Death of the Stock Analyst: Why they will be Replaced by Robots

By February 17, 2017 No Comments

I was recently at a technology CEO conference. At one point, there was a discussion about how some companies no longer want to go public. One seasoned CEO bemoaned the amount of time that goes into analyst meetings when you are a listed company. I pointed out that things might get better fast: the very technologies these CEOs are applying to other problems – neural networks, machine learning, and other tools of artificial intelligence – could completely eliminate traditional stock analysis and analysts. I believe there is no reason it can’t.

When it comes to things like deep machine learning, you may have heard the terms but not yet appreciated the results. But they are here. Today you can download free software to build your own artificial intelligence algorithms, in a few minutes, that can detect handwritten numbers with well over 95% accuracy. In the past few years, advances in synthetic vision have allowed driverless cars. (Every time your computer identifies you with facial recognition or a fingerprint it is using that technology.) And Google has processed one hundred million street addresses with an accuracy as good as humans, but faster. They claim they processed all the addresses in France in under an hour.

Investing is not immune to technological innovations. Technology has already changed so much in financial markets that they are barely recognizable from even ten years ago. Only a decade ago, large investment banks had trading floors that were the size of football fields – and stock, options and futures exchanges had bustling pits. Today, those venues and floors are nearly empty – or totally abandoned.

But it goes beyond people. Algorithmic and high-frequency trading has fundamentally changed markets. Every sale of one million shares is electronically broken up into thousands of 100 share trades to make big orders indistinguishable from an individual punting with a few thousand dollars. The real actions are masked by the sheer volume that comes from all those artificially small trades. If nothing else, the visibility of bulky trades, which might signal even larger trades waiting to hit the floor, is lost today.

So how does technology affect stock analysis? Analysts build large spreadsheets from financial data, trying to create a handcrafted forecast of the future results of a single company or business. It is all about being a mile deep and a foot wide: spending enormous effort to try to get the right data about one company at a single point in time to decide if it will outperform or underperform business expectations.

But technology takes data analysis to another level. An algorithm can analyze not just one company at one time – but rather can evaluate every piece of financial data ever reported for every company over all time to find patterns and identify opportunities across firms – and do it all in minutes.

What’s profound is while it used to be that only large, well-funded investment firms could do this depth of analysis, today, the data is available to everyone.

The end result? Algorithmic trading has made capturing trading profits harder, diminishing opportunities to capture alpha, thus, leading to the rise of ETFs and factor investing. Instead of seeking fund outperformance, investors are focusing on how to combine factor exposures using low-cost ETFs.

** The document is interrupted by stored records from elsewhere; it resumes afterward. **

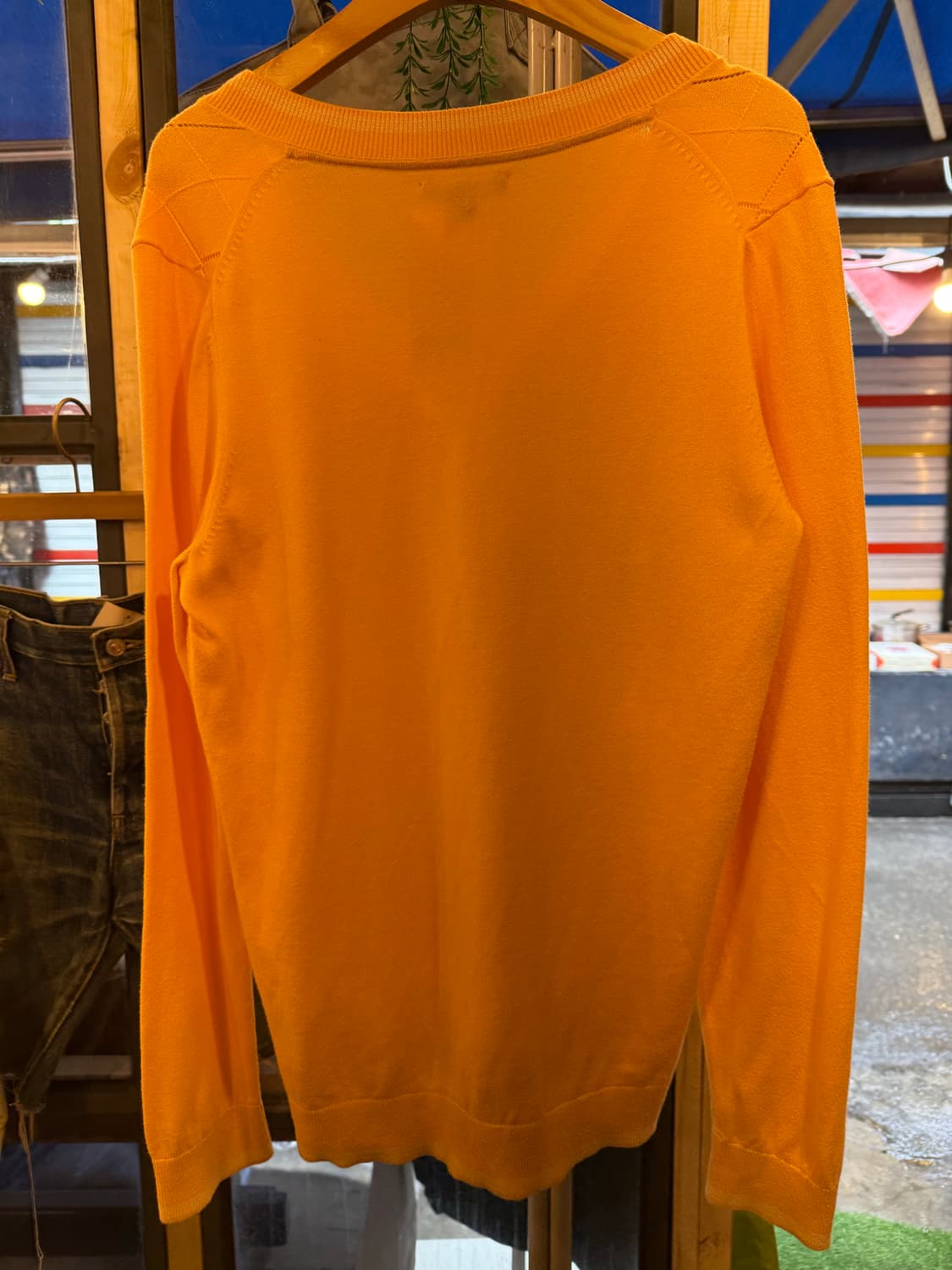 타미힐피거 오렌지 스퀘어 브이넥 니트 상품이미지4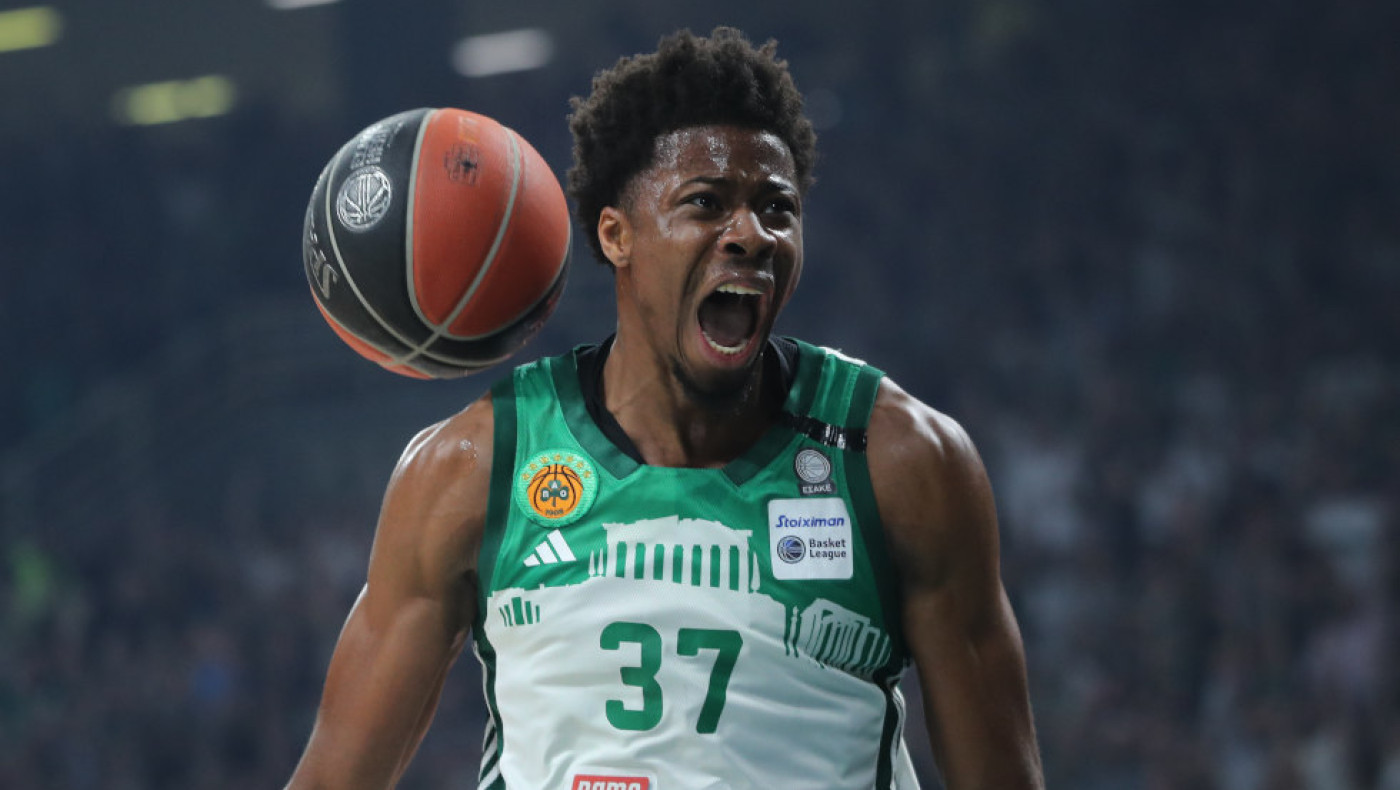 Το παράπονο και η σπόντα του Αντετοκούνμπο για τα περί ελληνοποίησης του Φαλ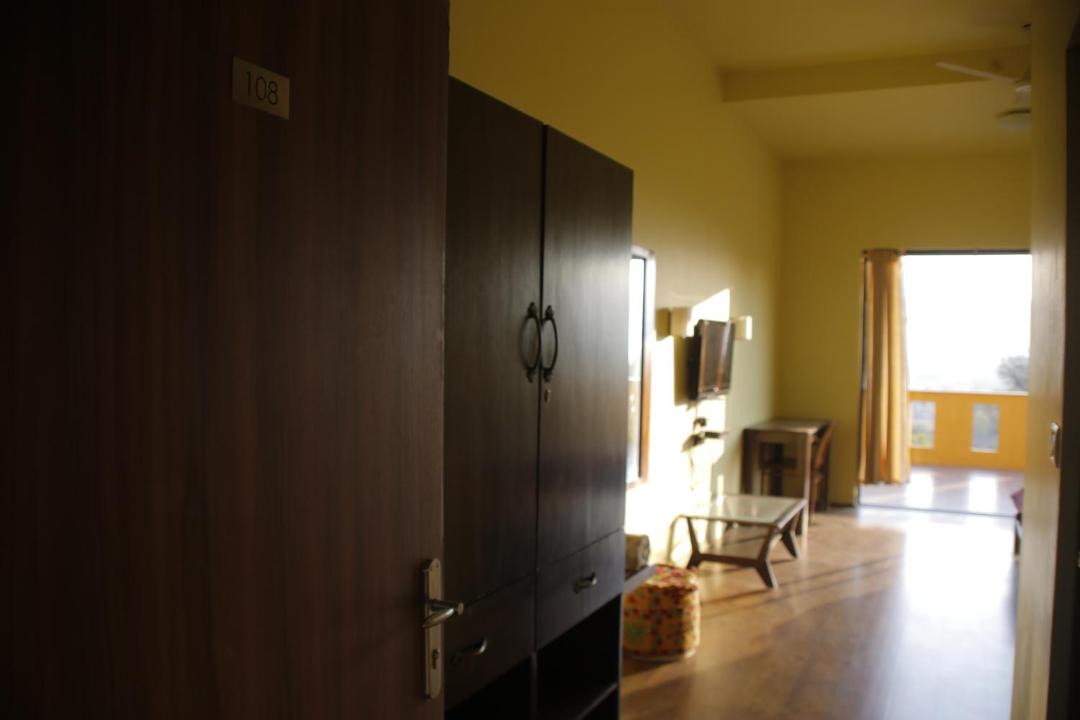 Photo of Others in Wai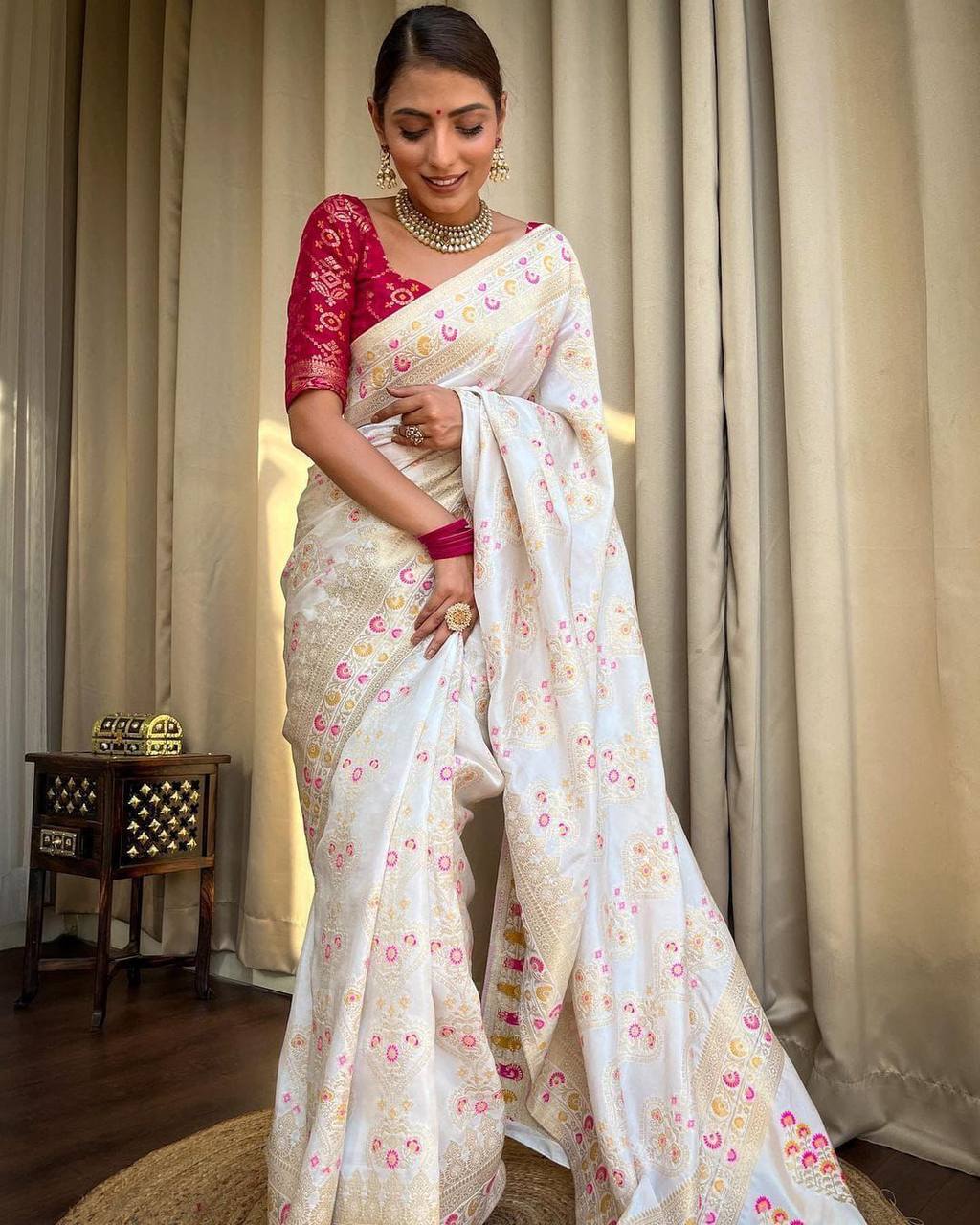 Graceful Banarasi Saree in Premium Lichi Silk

Some observers believe we will look back to this decade in 100 years and say the computational changes happening today are as fundamental as when mankind developed electricity, the transistor, the gas engine, or airplanes. Those technologies put the city lamp lighter, the blacksmith, and the Pony Express out of business.

The traditional stock analyst may be one of the next professions to become extinct.

Opinions expressed are current opinions as of the date appearing in this material only. While the data contained herein has been prepared from information that the author believes to be reliable, the author does not warrant the accuracy or completeness of such information. This communication is for informational purposes only. This is not intended as nor is it an offer, or solicitation of any offer to buy or sell any security, investment or product.